*** EXCERPTED DATA Section Begins ***

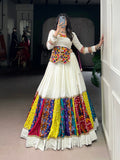 White Color Mult Patch With Lace Touch Up Rayon Chaniya Choli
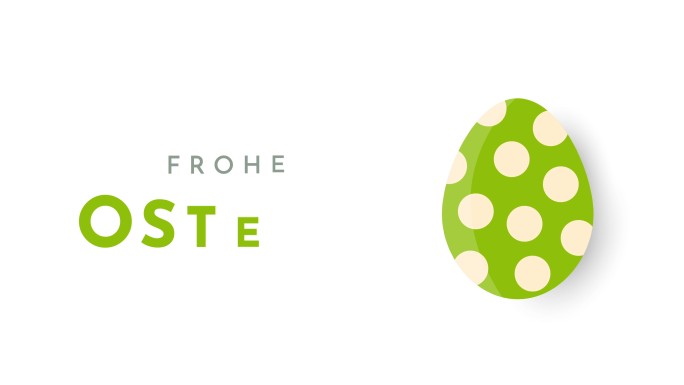 复活节快乐德语文本（Frohe Ostern）背景、海报、卡片。4k动画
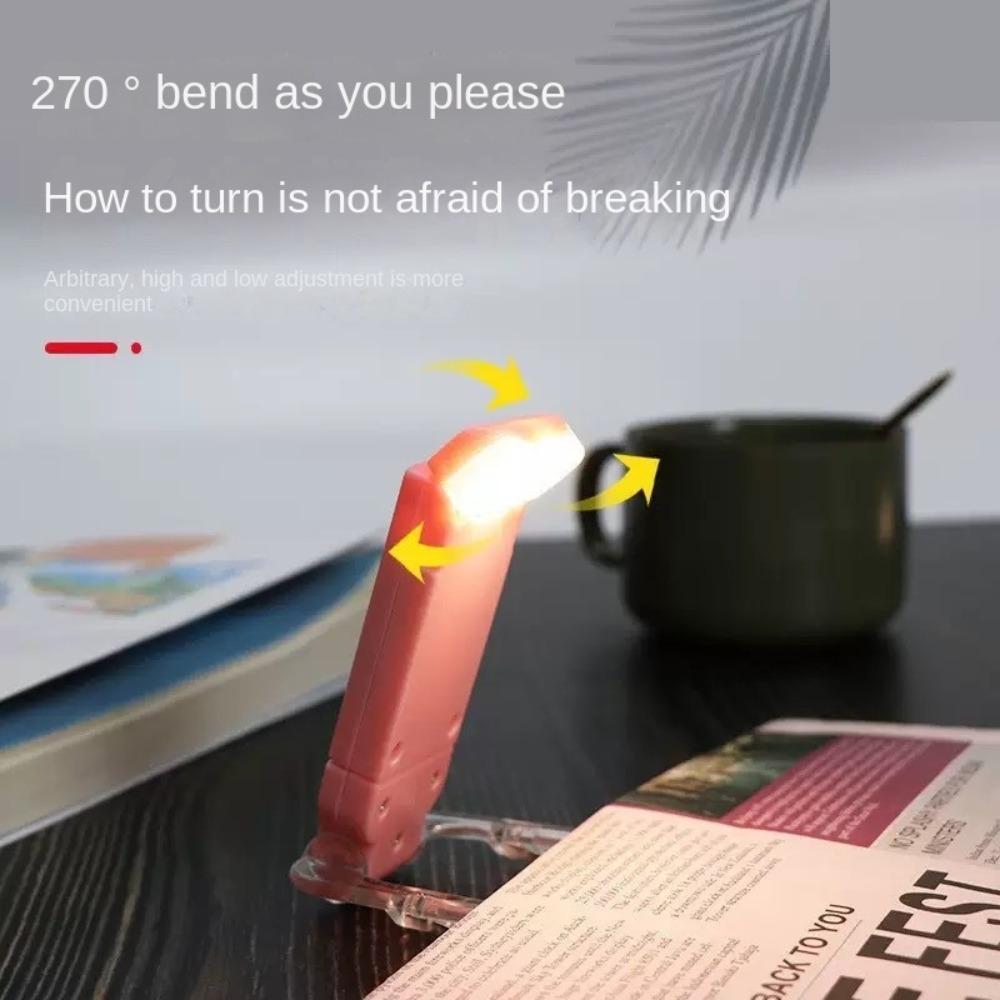 Mini LED Clip on Book Light Rechargeable Eye Protection Reading Light Rotate 3 Color Light Clip Desk Light Read Light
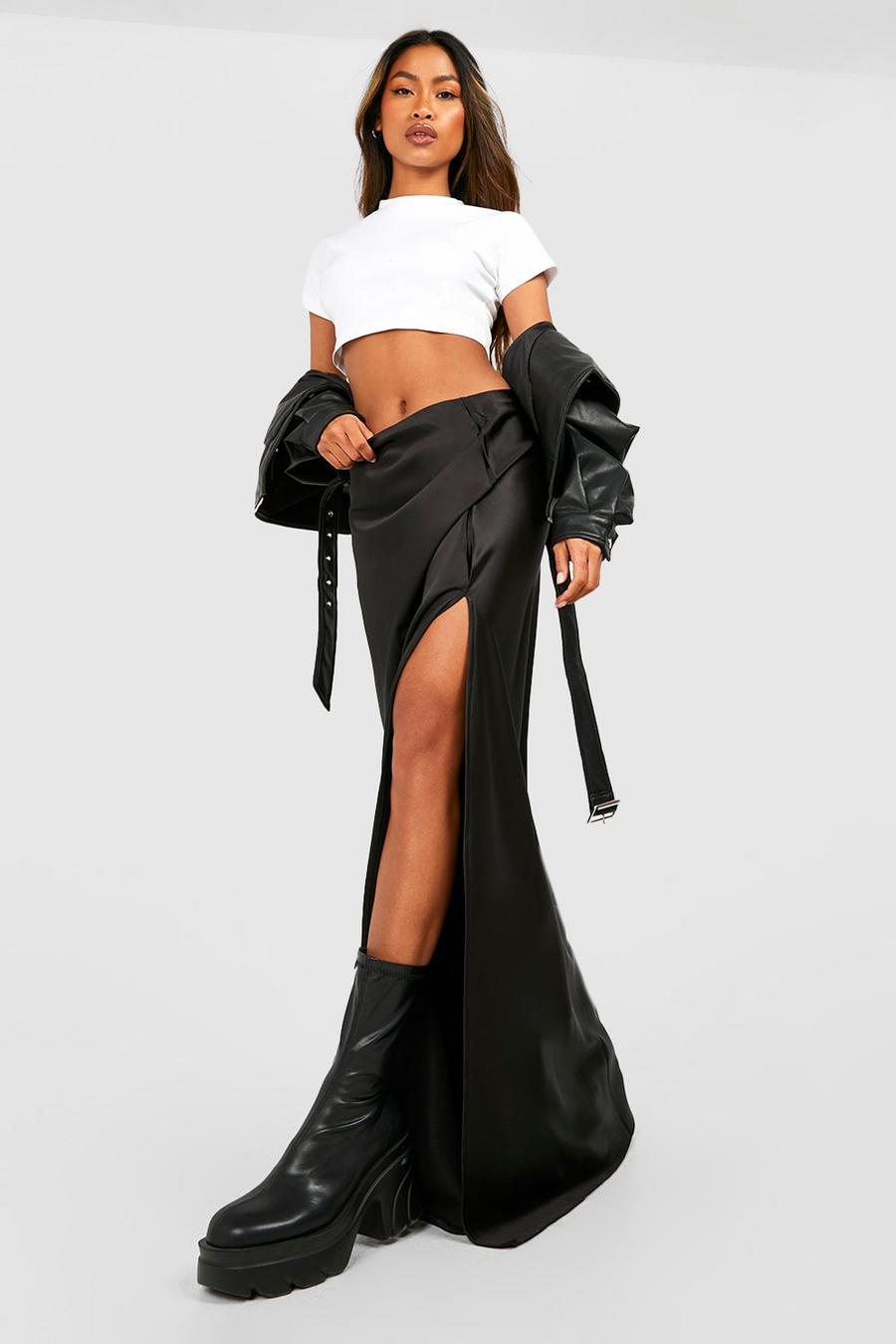 Black Satin High Split Maxi Skirt image number 1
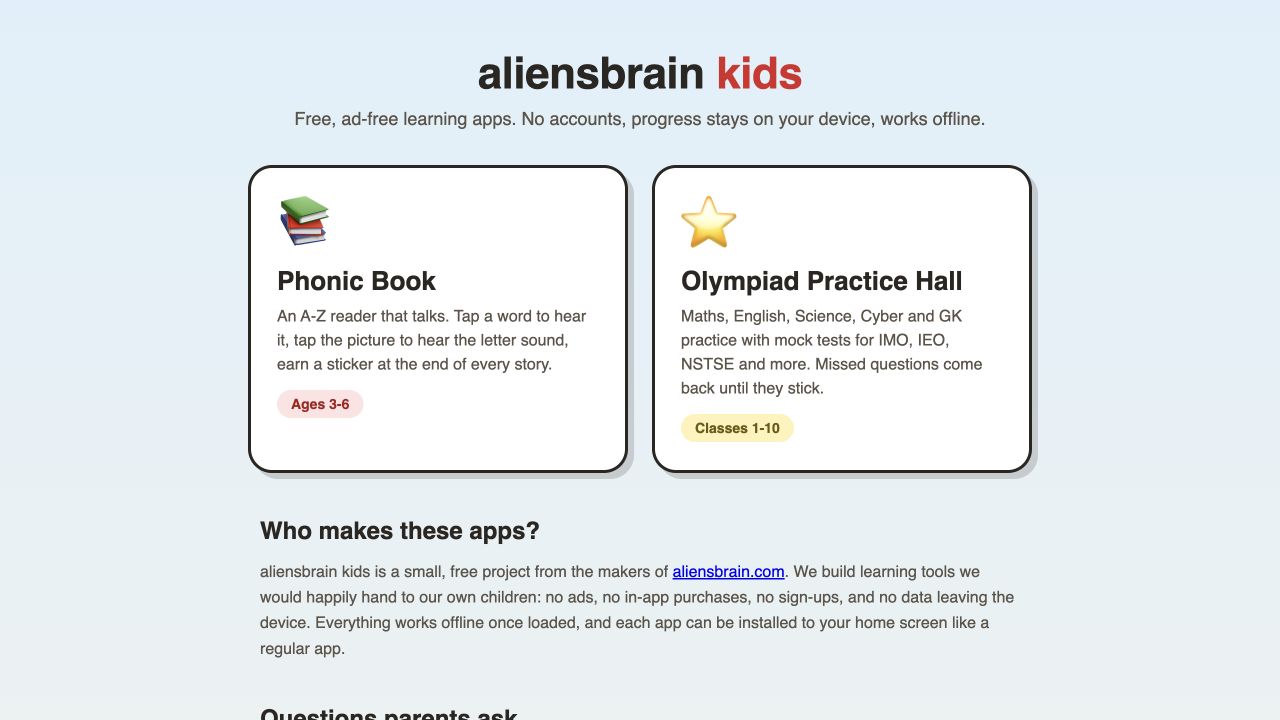 Screenshot of aliensbrain kids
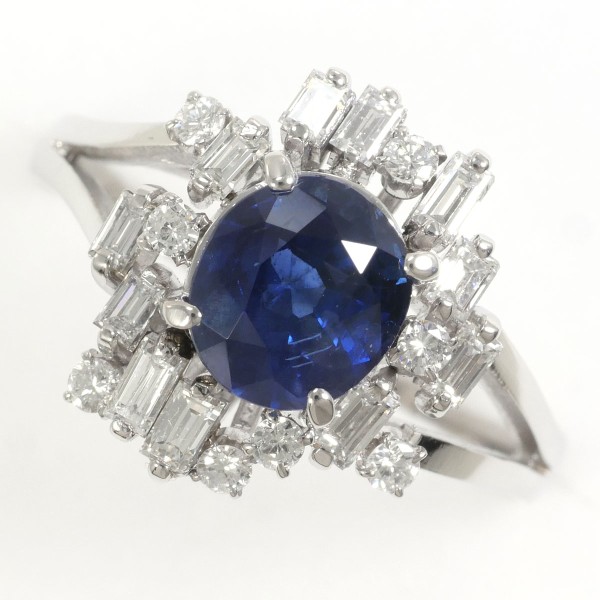 リング　K18 Pt900 サファイア　ダイヤモンド リング サファイア0.5ct ダイヤ0.05ct K18/Pt900のサファイア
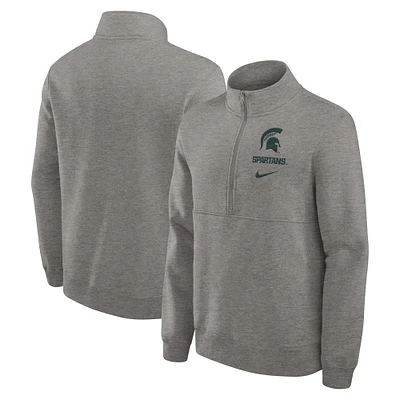 Men's Nike Heather Gray Michigan State Spartans Primetime Club Half-Zip Sweatshirt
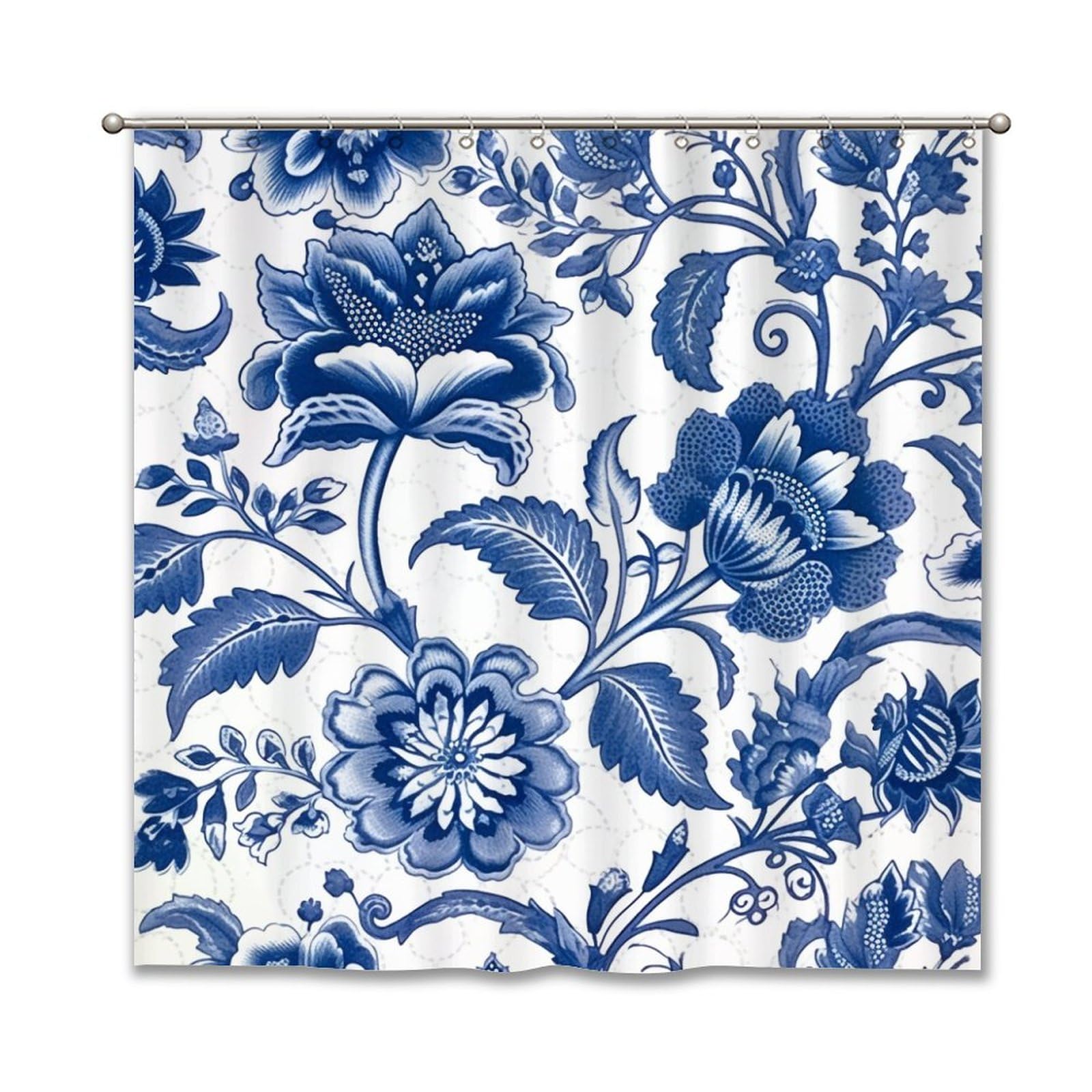 Yinrune Chinoiserie Shower Curtain Blue Indigo and White Vintage Floral Bathroom Curtains Asian Farmhouse Shower Curtain 72x72in Polyester Fabric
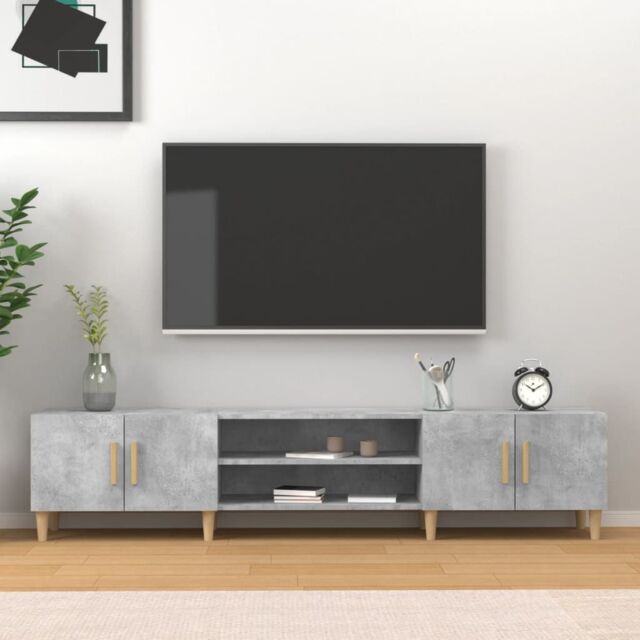 Berkfield Home TV Cabinet Concrete Grey 180x31.5x40 cm Engineered Wood - image 1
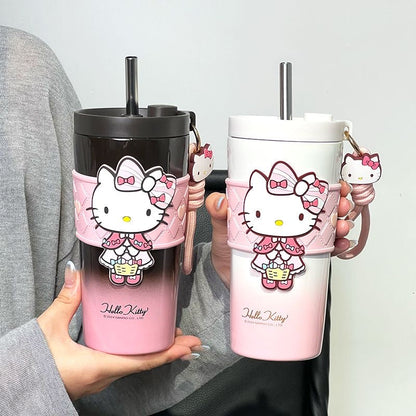 Sanrio Insulated cup Straw Thermos Cup 650ml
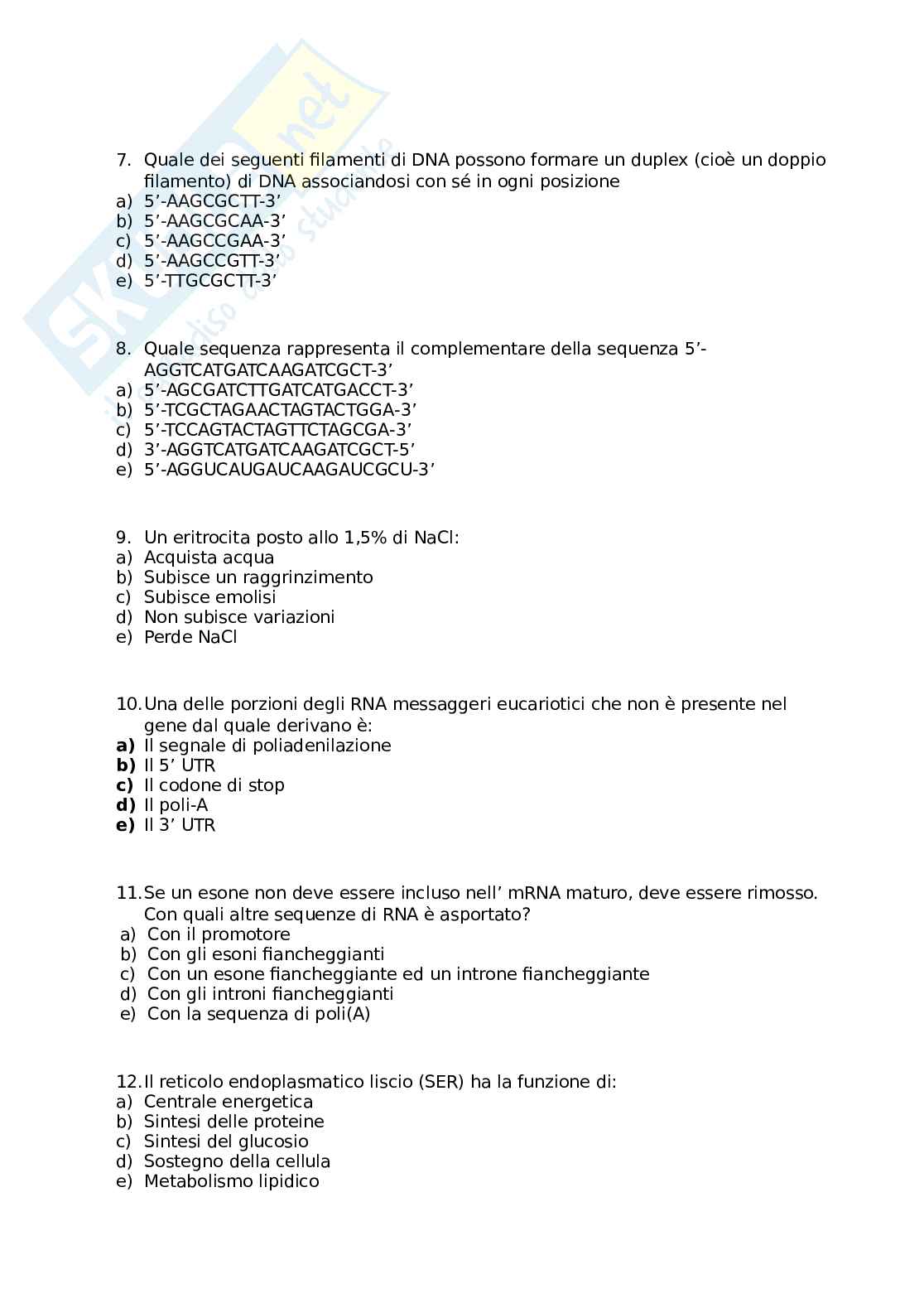 Domande e soluzioni quiz biologia della cellula eucariota Pag. 2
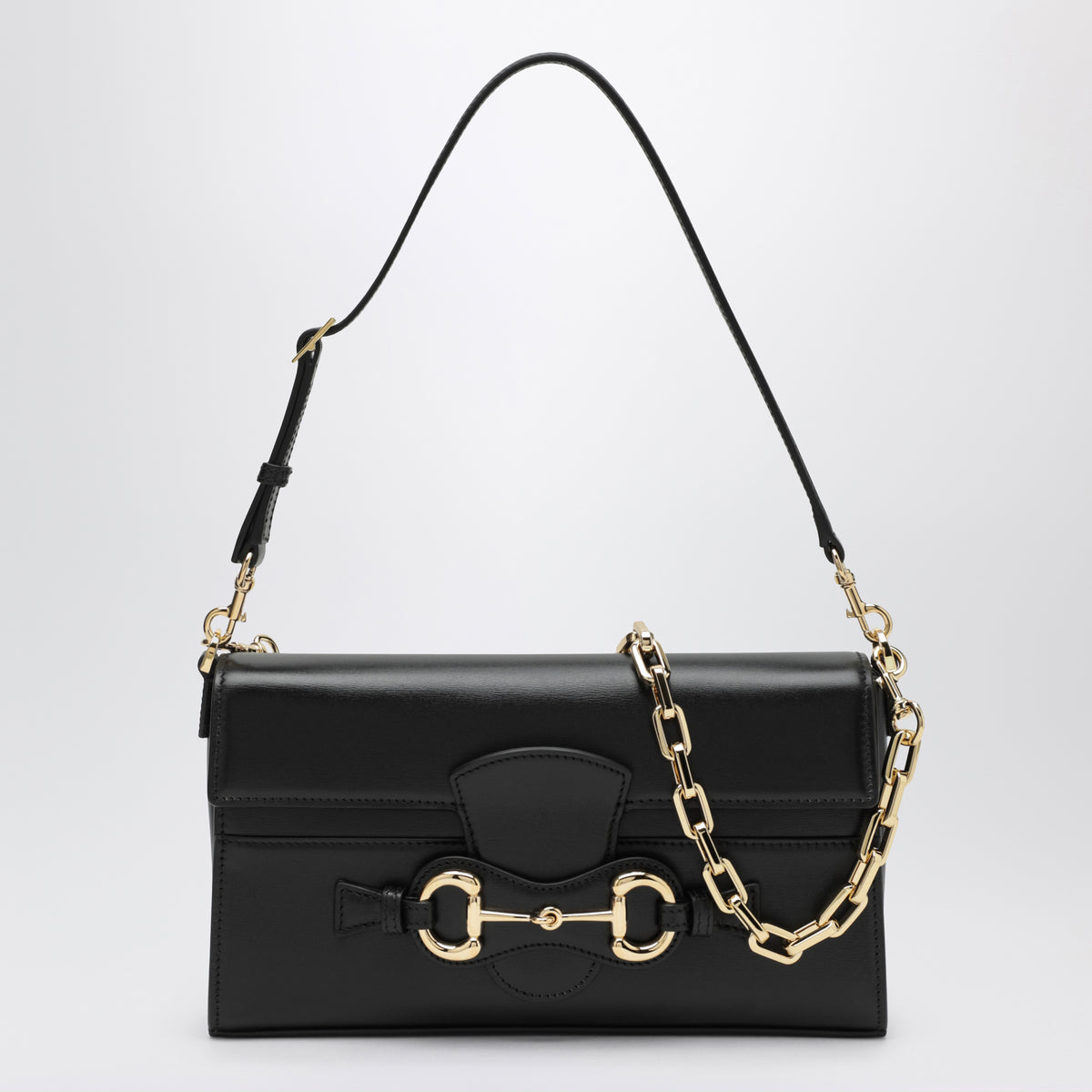 Borsa a spalla Horsebit Ristretto nera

*** EXCERPTED DATA Section Ends ***

Your answer must be an exact copy of the records, minus any pictures.

SOLVED PROBLEM:
 White Color Mult Patch With Lace Touch Up Rayon Chaniya Choli
 复活节快乐德语文本（Frohe Ostern）背景、海报、卡片。4k动画
 Mini LED Clip on Book Light Rechargeable Eye Protection Reading Light Rotate 3 Color Light Clip Desk Light Read Light
 Black Satin High Split Maxi Skirt image number 1
 Screenshot of aliensbrain kids
 リング　K18 Pt900 サファイア　ダイヤモンド リング サファイア0.5ct ダイヤ0.05ct K18/Pt900のサファイア
 Men's Nike Heather Gray Michigan State Spartans Primetime Club Half-Zip Sweatshirt
 Yinrune Chinoiserie Shower Curtain Blue Indigo and White Vintage Floral Bathroom Curtains Asian Farmhouse Shower Curtain 72x72in Polyester Fabric
 Berkfield Home TV Cabinet Concrete Grey 180x31.5x40 cm Engineered Wood - image 1
 Sanrio Insulated cup Straw Thermos Cup 650ml
 Domande e soluzioni quiz biologia della cellula eucariota Pag. 2
 Borsa a spalla Horsebit Ristretto nera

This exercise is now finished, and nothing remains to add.